Il y a deux ans, en revenant de l’école de mes enfants (avec ceux-ci à bord de l’auto), en pleine tempête hivernale, j’ai aperçu un jeune garçon d’environ 6 ans qui titubait, sur le trottoir enneigé.

Il faisait vraiment froid alors mon cœur de père a fait un tour.

Mon premier réflexe a été de freiner pour essayer de voir si cet enfant était en état de se rendre chez-lui, en assumant que c’est là qu’il allait mais c’était dur à voir. Son pas lent et inégal m’indiquait que quelque chose n’allait pas mais malgré le fait que je voulais aider cet enfant à rentrer chez-lui, sain et sauf, j’ai finalement choisi de rentrer chez-moi, sans m’arrêter.

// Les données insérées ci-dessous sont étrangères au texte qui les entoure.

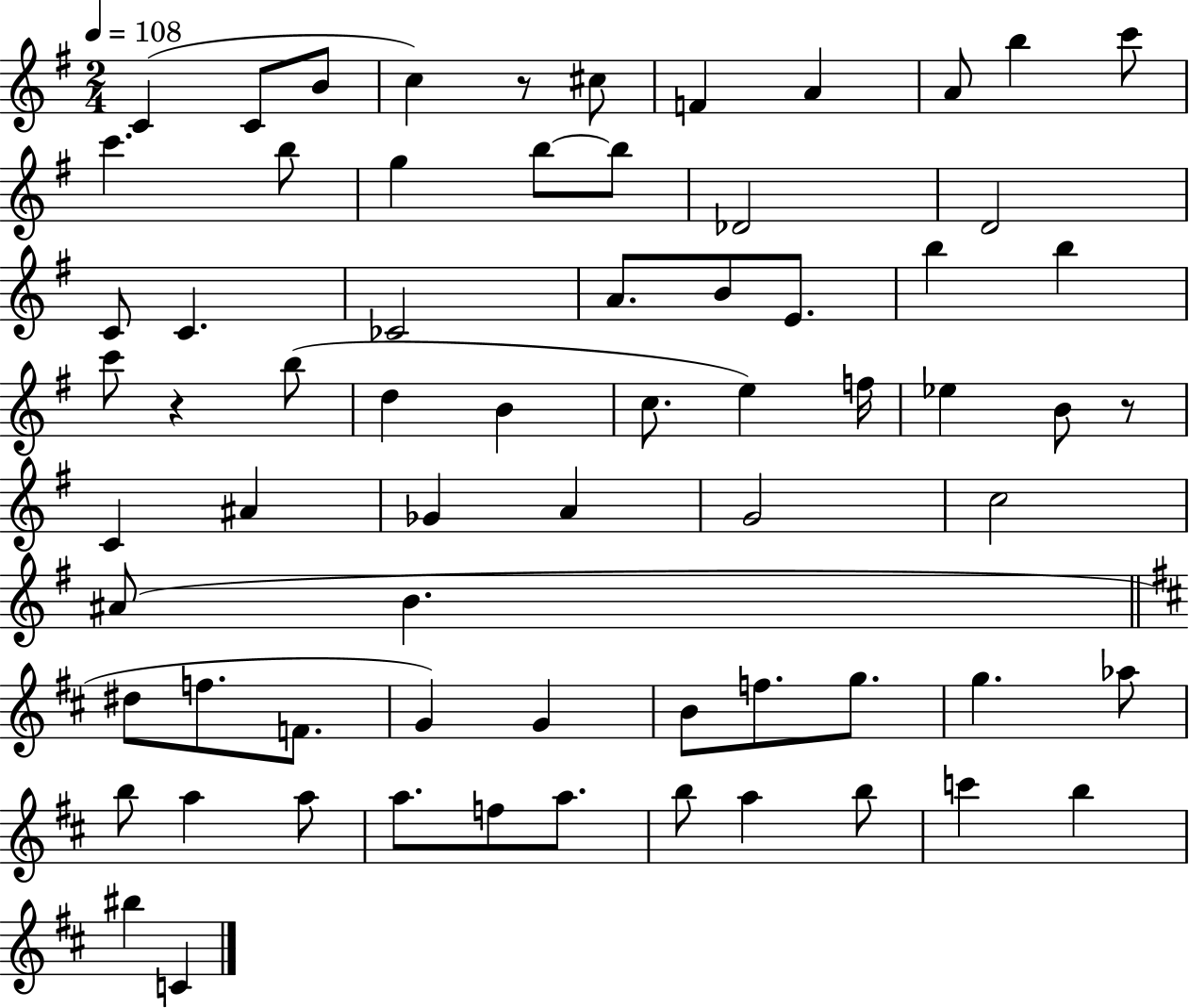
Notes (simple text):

C4/q C4/e B4/e C5/q R/e C#5/e F4/q A4/q A4/e B5/q C6/e C6/q. B5/e G5/q B5/e B5/e Db4/h D4/h C4/e C4/q. CES4/h A4/e. B4/e E4/e. B5/q B5/q C6/e R/q B5/e D5/q B4/q C5/e. E5/q F5/s Eb5/q B4/e R/e C4/q A#4/q Gb4/q A4/q G4/h C5/h A#4/e B4/q. D#5/e F5/e. F4/e. G4/q G4/q B4/e F5/e. G5/e. G5/q. Ab5/e B5/e A5/q A5/e A5/e. F5/e A5/e. B5/e A5/q B5/e C6/q B5/q BIS5/q C4/q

Moins d’une minute plus tard, j’étais chez-moi et j’appelais la police de Lévis pour leur signaler l’enfant. Ils m’ont assuré qu’ils envoyaient une auto-patrouille sur les lieux mais je n’ai jamais su si celle-ci était arrivée à temps, avant que l’enfant n’ait de séquelles d’avoir resté trop longtemps dehors.

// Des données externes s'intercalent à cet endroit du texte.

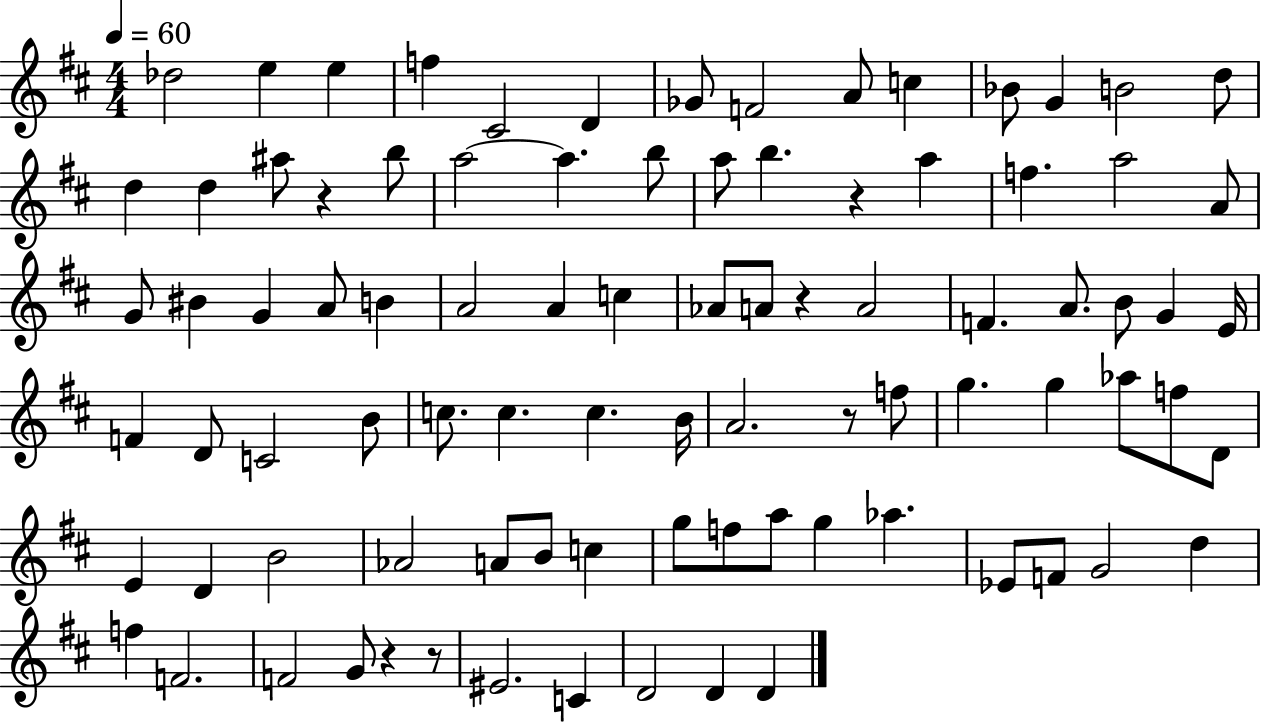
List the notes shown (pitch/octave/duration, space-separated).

Db5/h E5/q E5/q F5/q C#4/h D4/q Gb4/e F4/h A4/e C5/q Bb4/e G4/q B4/h D5/e D5/q D5/q A#5/e R/q B5/e A5/h A5/q. B5/e A5/e B5/q. R/q A5/q F5/q. A5/h A4/e G4/e BIS4/q G4/q A4/e B4/q A4/h A4/q C5/q Ab4/e A4/e R/q A4/h F4/q. A4/e. B4/e G4/q E4/s F4/q D4/e C4/h B4/e C5/e. C5/q. C5/q. B4/s A4/h. R/e F5/e G5/q. G5/q Ab5/e F5/e D4/e E4/q D4/q B4/h Ab4/h A4/e B4/e C5/q G5/e F5/e A5/e G5/q Ab5/q. Eb4/e F4/e G4/h D5/q F5/q F4/h. F4/h G4/e R/q R/e EIS4/h. C4/q D4/h D4/q D4/q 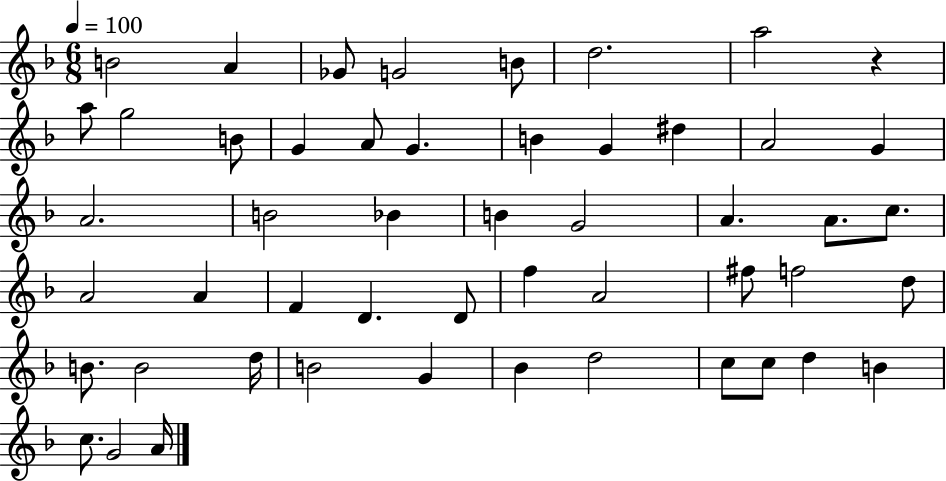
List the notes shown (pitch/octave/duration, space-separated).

J’ai donc pris pour acquis que tout avait bien été mais je ne saurai jamais si c’est le cas. Cette histoire me bouleverse encore, à ce jour.

Assurément, je ne suis pas le seul à qui une histoire de la sorte est arrivée. Est-ce que tout le monde sait comment agir, lorsqu’il ou elle voit un enfant en détresse?

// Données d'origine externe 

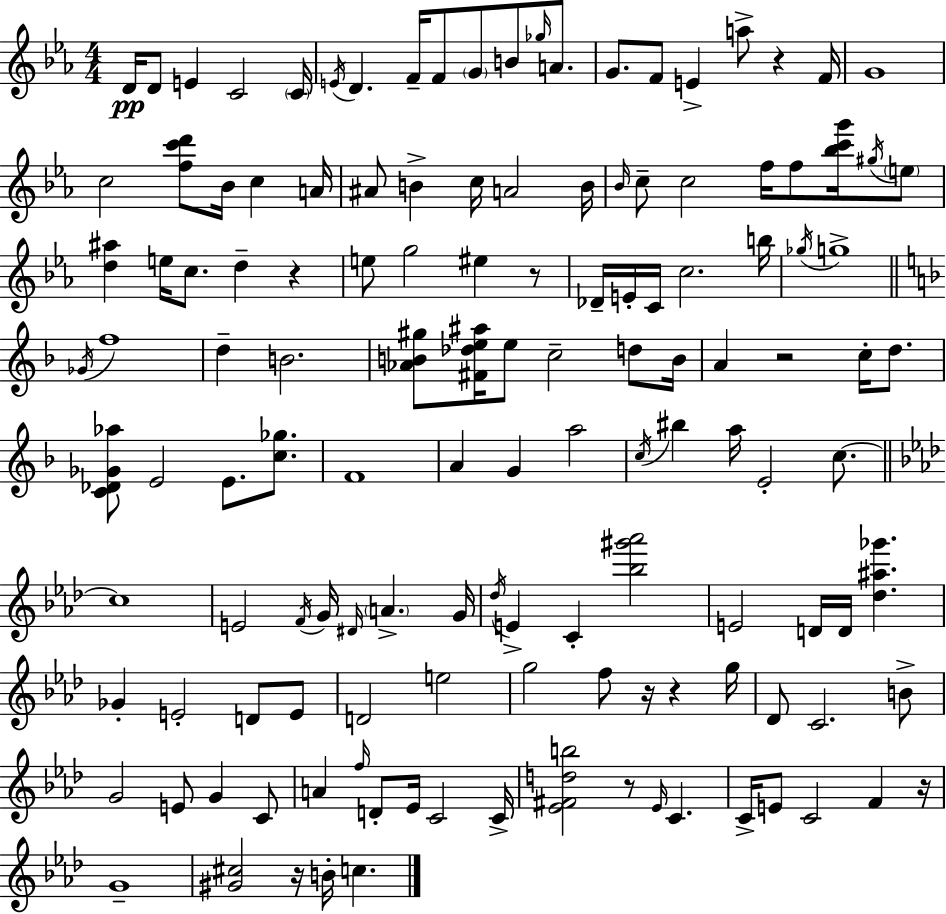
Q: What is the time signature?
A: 4/4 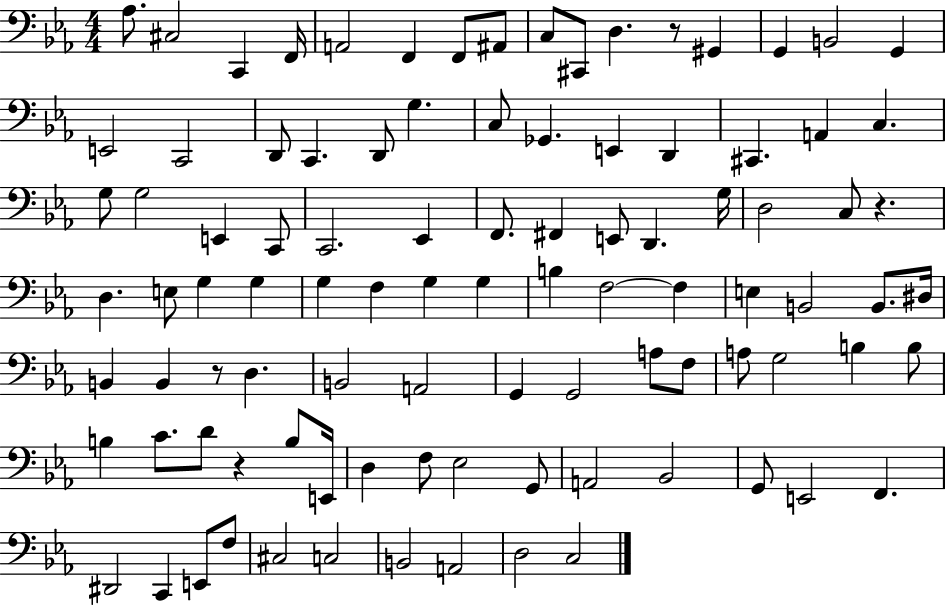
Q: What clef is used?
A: bass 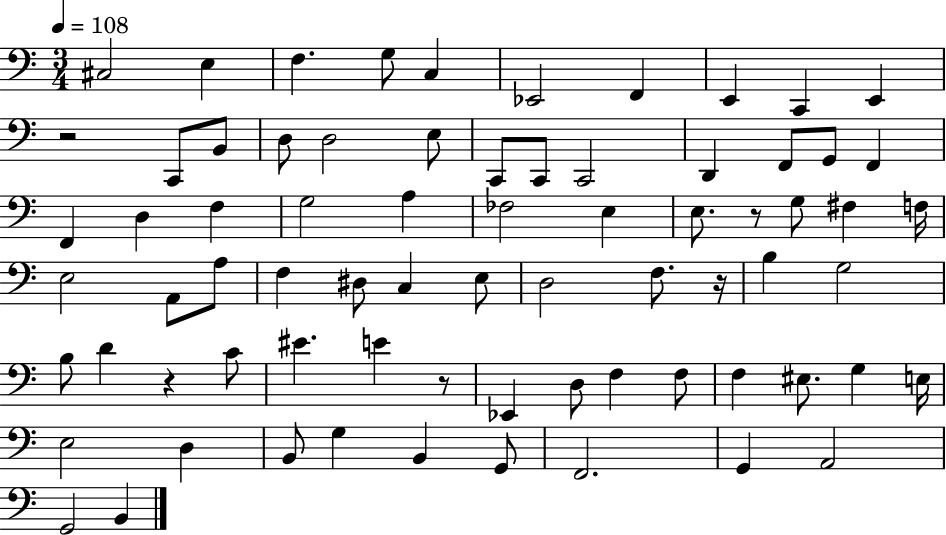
C#3/h E3/q F3/q. G3/e C3/q Eb2/h F2/q E2/q C2/q E2/q R/h C2/e B2/e D3/e D3/h E3/e C2/e C2/e C2/h D2/q F2/e G2/e F2/q F2/q D3/q F3/q G3/h A3/q FES3/h E3/q E3/e. R/e G3/e F#3/q F3/s E3/h A2/e A3/e F3/q D#3/e C3/q E3/e D3/h F3/e. R/s B3/q G3/h B3/e D4/q R/q C4/e EIS4/q. E4/q R/e Eb2/q D3/e F3/q F3/e F3/q EIS3/e. G3/q E3/s E3/h D3/q B2/e G3/q B2/q G2/e F2/h. G2/q A2/h G2/h B2/q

Dans mon cas, le policier de Lévis avec qui j’avais discuté de la situation, m’avait confirmé que j’avais fait le bon choix en prévenant les policiers pour qu’ils aillent sur place valider l’état de l’enfant et ensuite, aller en discuter avec ses parents. Au besoin, la police peut signaler la situation à la Direction de la protection de la jeunesse (DPJ) qui pourra s’intéresser à la gestion parentale, ce que la police ne peut pas faire.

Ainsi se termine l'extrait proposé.